Department of Surgical, Oncological and Oral Sciences, Sector of Oral Medicine "V. Margiotta", University of Palermo, Via del Vespro 129, 90127 Palermo, Italy.
Eur J Intern Med. 2013 Dec;24(8):784-90. doi: 10.1016/j.ejim.2013.05.011. Epub 2013 Jun 12.
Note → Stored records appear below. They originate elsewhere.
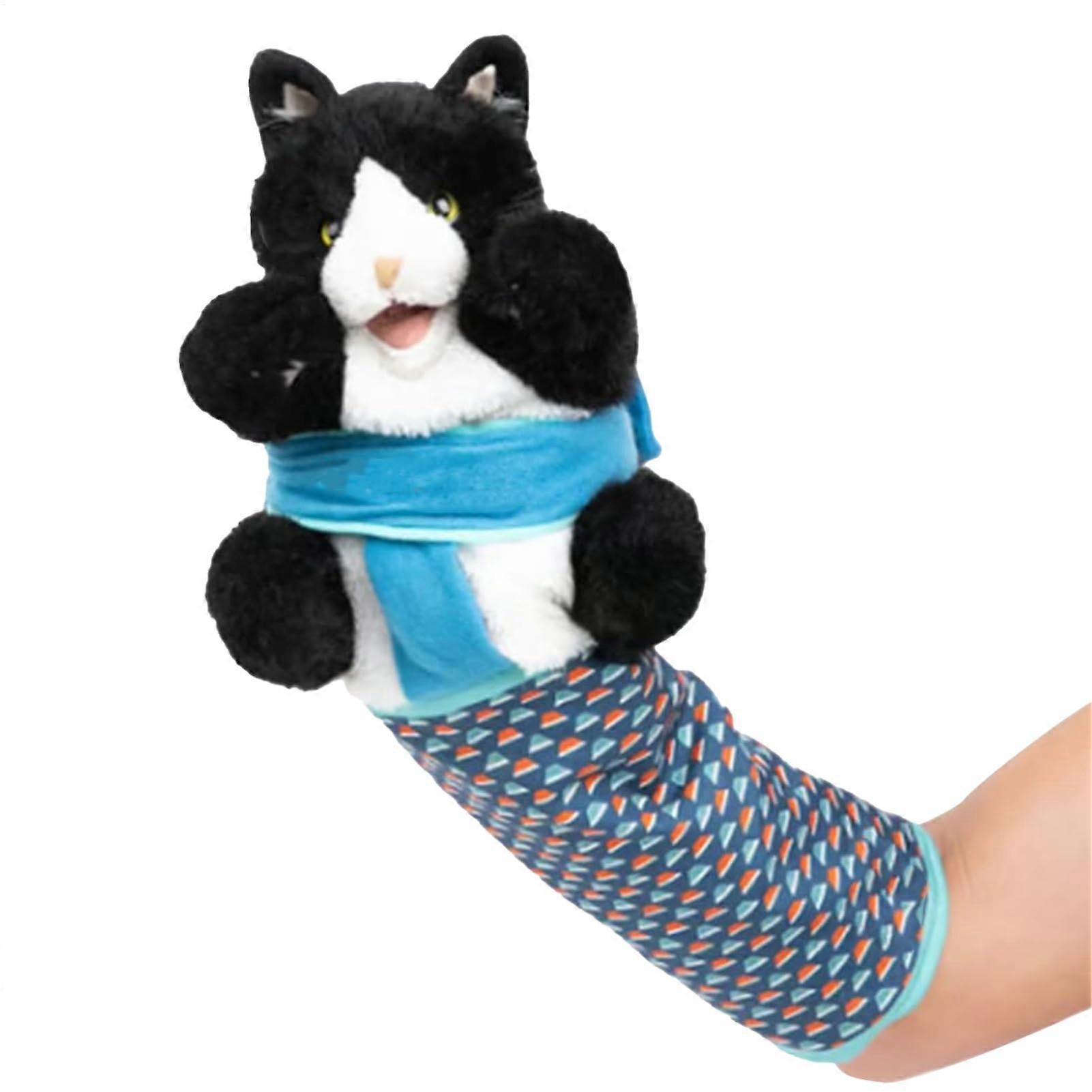 Cat Interactive Toy Hand Puppet for Play Training with Safe Scratch Prevention and Bond Boost
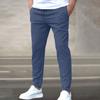 Casual Slim-fit Nine-point Men's Pants Solid Color Casual Pocket Pants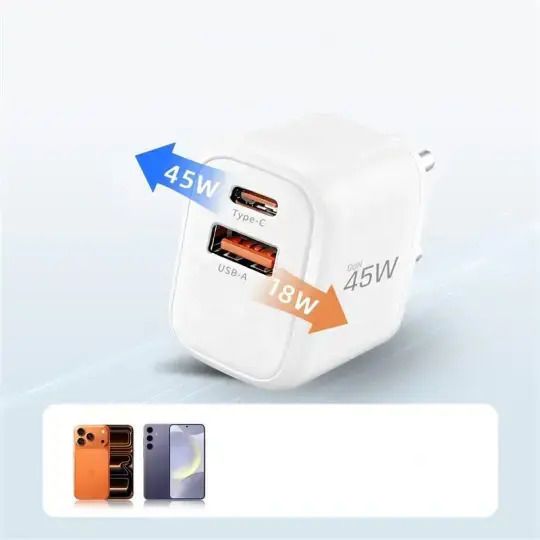 Tech-Protect Charger Without Cable GaN with USB-A Port and USB-C Port 45W Power Delivery / Quick Charge 3.0 Whites (NCA45W)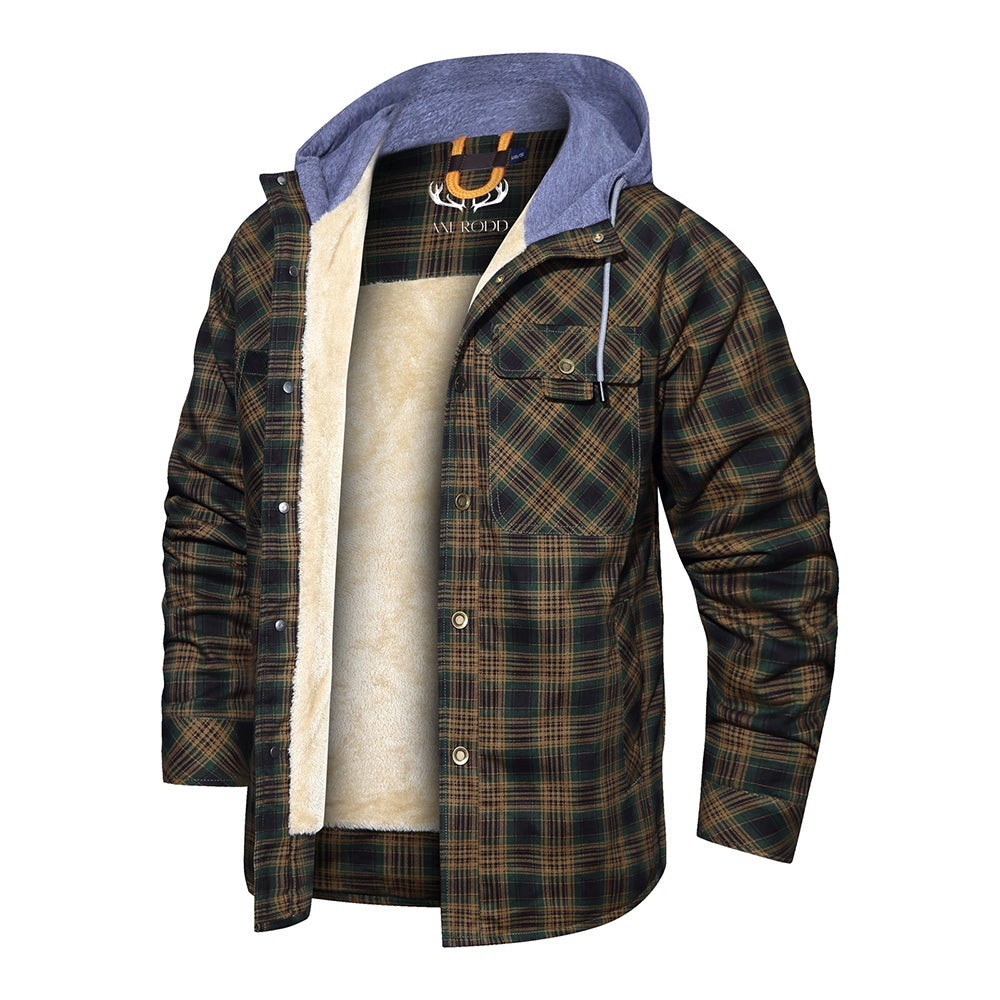 Relaxed Fit Plaid Hooded Jacket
Bisphosphonates (BPs) are currently the chief drugs for the prevention/treatment of osteoporosis; one of their adverse effects is the osteonecrosis of the jaw (BRONJ). The primary endpoints of this multi-center cross-sectional study are: i) an observation of the clinical features of BRONJ in 87 osteoporotic, non-cancer patients; and ii) an evaluation of their demographic variables and comorbidities.
87 BRONJ patients in therapy for osteoporosis with BPs from 8 participating clinical Italian centers were consecutively identified and studied. After BRONJ diagnosis and staging, comorbidities and data relating to local and drug-related risk factors for BRONJ were collected.
77/87 (88.5%) patients in our sample used alendronate as a BP type; the duration of bisphosphonate therapy ranged from 2 to 200 months, and 51.7% of patients were in treatment for ≤ 38 months (median value). No comorbidities or local risk factors were observed in 17 (19.5%) patients, indicating the absence of cases belonging to BRONJ forms triggered by surgery. BRONJ localization was significantly associated with age: an increased risk of mandible localization (p=0.002; OR=6.36, 95%CI=[1.89; 21.54]) was observed for those over 72 yrs. At multivariate analysis, the increased risk of BRONJ in the mandible for people over 72 yrs (OR'=6.87, 95%CI=[2.13; 2.21]) was confirmed for a BP administration >56 months (OR'=4.82, 95%CI=[2.13; 22.21]).
Our study confirms the fundamental necessity of applying protocols of prevention in order to reduce the incidence of BRONJ in osteoporotic, non-cancer patients in the presence of comorbidities and/or local risk factor as well as, less frequently, in their absence.
双膦酸盐(BPs)目前是预防/治疗骨质疏松症的主要药物;其不良反应之一是下颌骨坏死(BRONJ)。这项多中心横断面研究的主要终点是:i)观察 87 例骨质疏松症非癌症患者 BRONJ 的临床特征;ii)评估其人口统计学变量和合并症。
从 8 个意大利参与临床中心连续确定并研究了 87 例接受 BP 治疗骨质疏松症的 BRONJ 患者。在 BRONJ 诊断和分期后,收集了合并症和与 BRONJ 局部和药物相关危险因素有关的数据。
在我们的样本中,77/87(88.5%)例患者使用阿仑膦酸盐作为 BP 类型;双膦酸盐治疗时间从 2 至 200 个月不等,51.7%的患者治疗时间≤38 个月(中位数)。17 例(19.5%)患者未观察到合并症或局部危险因素,表明不存在因手术引发的 BRONJ 形式。BRONJ 定位与年龄显著相关:72 岁以上患者下颌骨定位风险增加(p=0.002;OR=6.36,95%CI=[1.89;21.54])。多变量分析证实,72 岁以上患者下颌骨 BRONJ 风险增加(OR'=6.87,95%CI=[2.13;2.21]),BP 给药时间>56 个月(OR'=4.82,95%CI=[2.13;22.21])。
我们的研究证实,在存在合并症和/或局部危险因素的情况下,为减少骨质疏松症非癌症患者 BRONJ 的发生率,必须应用预防方案;在不太常见的情况下,在不存在这些危险因素的情况下也必须应用预防方案。